If you know C++ Python lists are implemented more or less as std::vector s of of pointers to objects (in C parlance they are pointers to a contiguous array of pointers). This gives O(1) access to element given the index and allows resizing, however deleting an element from the list requires shifting all subsequent elements down by one element to fill the gap.

Note however that what are moved are just pointers and this is done without needing to fix reference counters and so it's extremely fast (basically just a single memmov call). The time required for the shifting is extremely small unless the list is huge.

So deleting an element from a list in Python if the index is known using del L[index] is formally O(N) but with a tiny constant factor.

It would be possible to implement list objects so that you can get constant time removal from either end by adding a "phase" value to the list object. This would keep access O(1) (with a slightly larger constant) but also allowing del L[0] to be O(1) making it similar to a deque .
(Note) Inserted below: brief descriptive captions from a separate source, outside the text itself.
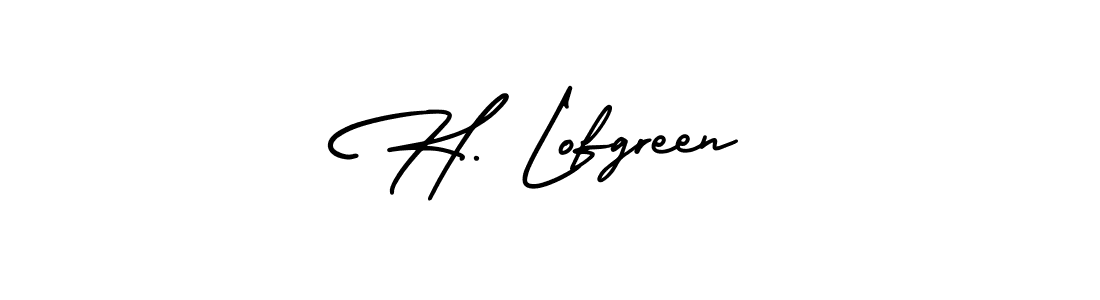 Create a beautiful signature design for name H. Lofgreen. With this signature (AmerikaSignatureDemo-Regular) fonts, you can make a handwritten signature for free. H. Lofgreen signature style 3 images and pictures png
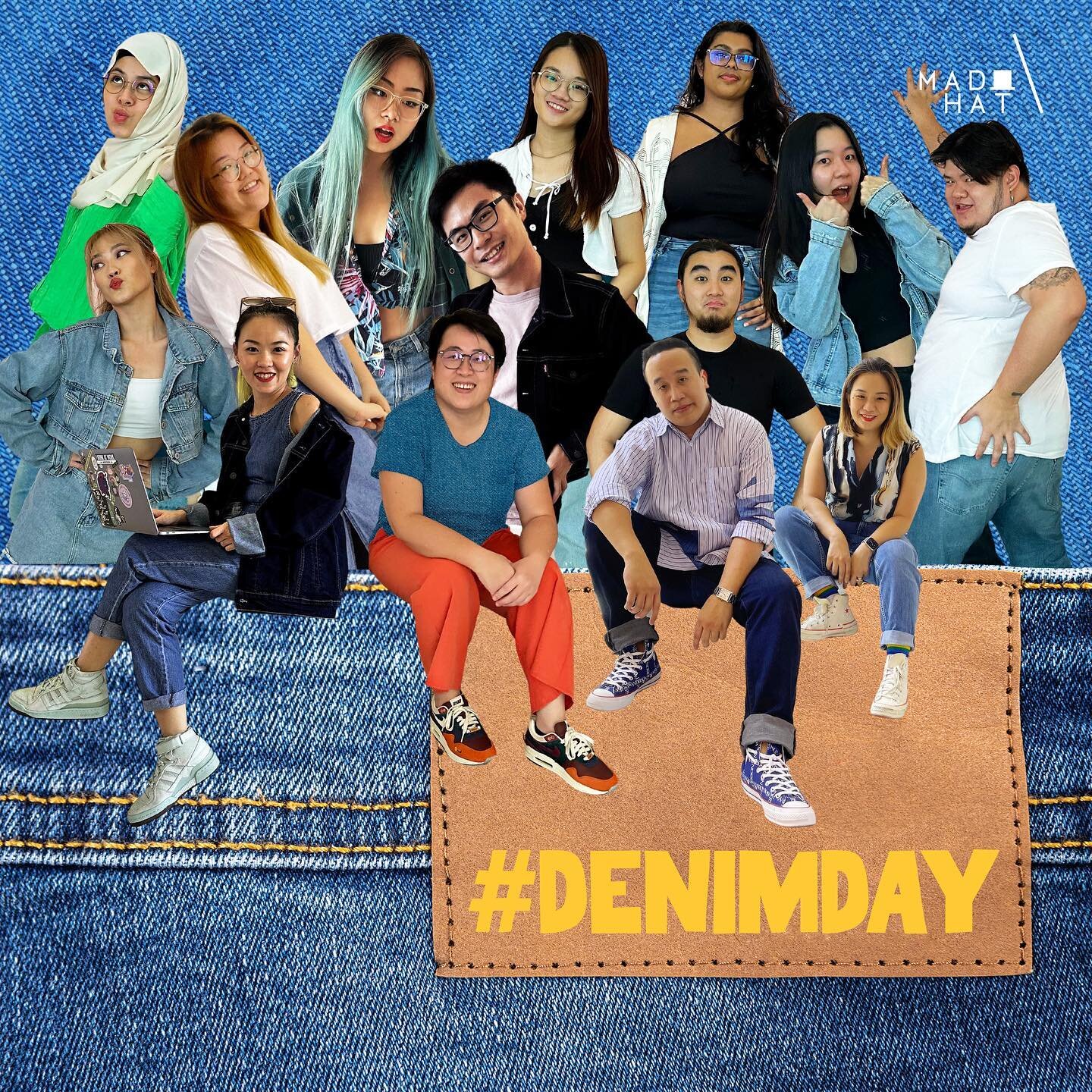 Today&rsquo;s forecast ☁️: denim all day, every day! Happy National Denim Day 👖, where we celebrate the most versatile fabric in the world! 😎
.
.
.
#MadHatAsia #NationalDenimDay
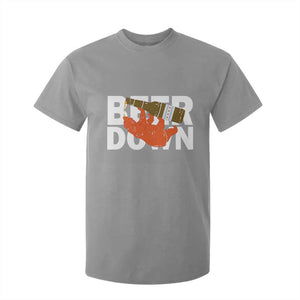 Funny Drinking Bear Beer Down T Shirt For Kid Tailgate Gift for Football Fans TS02 Sport Gray Print Your Wear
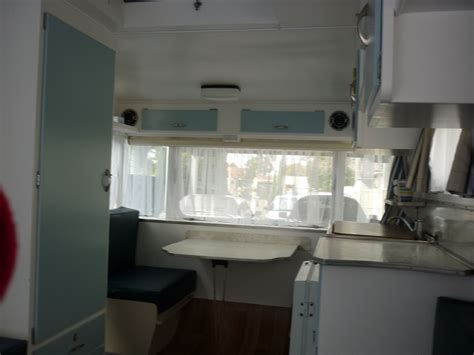 1966 Franklin Freeway interior after restoration. | Vintage caravans ...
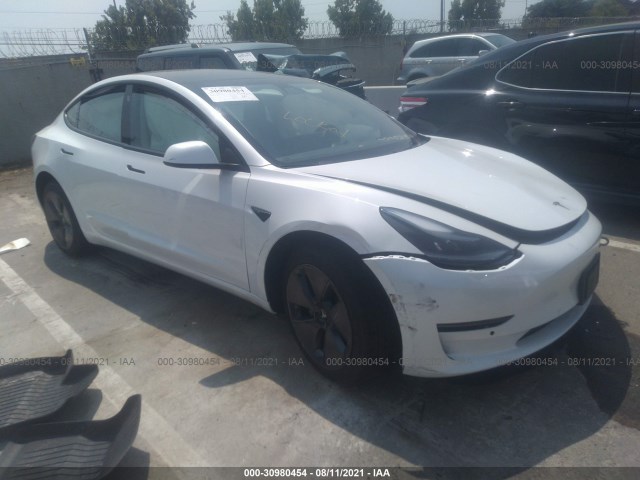 TESLA MODEL 3 2021 5yj3e1ea3mf986363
This however was considered and not implemented because it would make list access more complex for a normal case and optimize for a special case for which you have a specific structure deque . It would also break compatibility with any C extension module accessing lists.

Answer 2

Is there any way to delete an element in O(1) complexity by specifying index or value?

If you know what the index is, then

del L[index]

works very quickly (but, surprisingly not O(1) -- https://www.python.org/dev/peps/pep-3128/#motivation ). If you just know the value, well it could be anywhere, so you'll have to search for it. On average it'll have to check half the elements, so this is O(N).

Other data structures can help. If you only want to know what the distinct elements are (and don't care about the order), you can use a set.

s = set(['1','b', '1', 'a', 1])
s
s.remove(1)
s

yields output

{1, '1', 'a', 'b'}
{'1', 'a', 'b'}

and the remove command is (basically) O(1)

Answer 3

Open a python terminal (eg jupyer) and try this:

>>>: %%timeit
...: l = [i for i in range(10000000)]
...: del l[0] # O(?)
322 ms ± 1.68 ms per loop (mean ± std. dev. of 7 runs, 1 loop each)

>>>: %%timeit
...: l = list(range(10000000))
...: del l[0] # O(?)
195 ms ± 1.42 ms per loop (mean ± std. dev. of 7 runs, 1 loop each)

>>>: %%timeit
...: l = [i for i in range(10000000)]
...: del l[-1] # O(?)
306 ms ± 2.64 ms per loop (mean ± std. dev. of 7 runs, 1 loop each)

>>>>: %%timeit
...: l = list(range(10000000))
...: del l[-1] # O(?)
267 ms ± 2.68 ms per loop (mean ± std. dev. of 7 runs, 10 loops each)

>>>: %%timeit
...: l = [i for i in range(10000000)]
...: l.append(500) # O(1)
299 ms ± 3.28 ms per loop (mean ± std. dev. of 7 runs, 1 loop each)

%%timeit
...: l = list(range(10000000))
...: l.append(500) # O(1)
265 ms ± 1.87 ms per loop (mean ± std. dev. of 7 runs, 10 loops each)

>>>: %%timeit
...: l = [i for i in range(10000000)]
...: max(l) # O(n)
463 ms ± 15.5 ms per loop (mean ± std. dev. of 7 runs, 1 loop each)

>>>: %%timeit
...: l = list(range(10000000))
...: max(l) # O(n)
335 ms ± 10.7 ms per loop (mean ± std. dev. of 7 runs, 1 loop each)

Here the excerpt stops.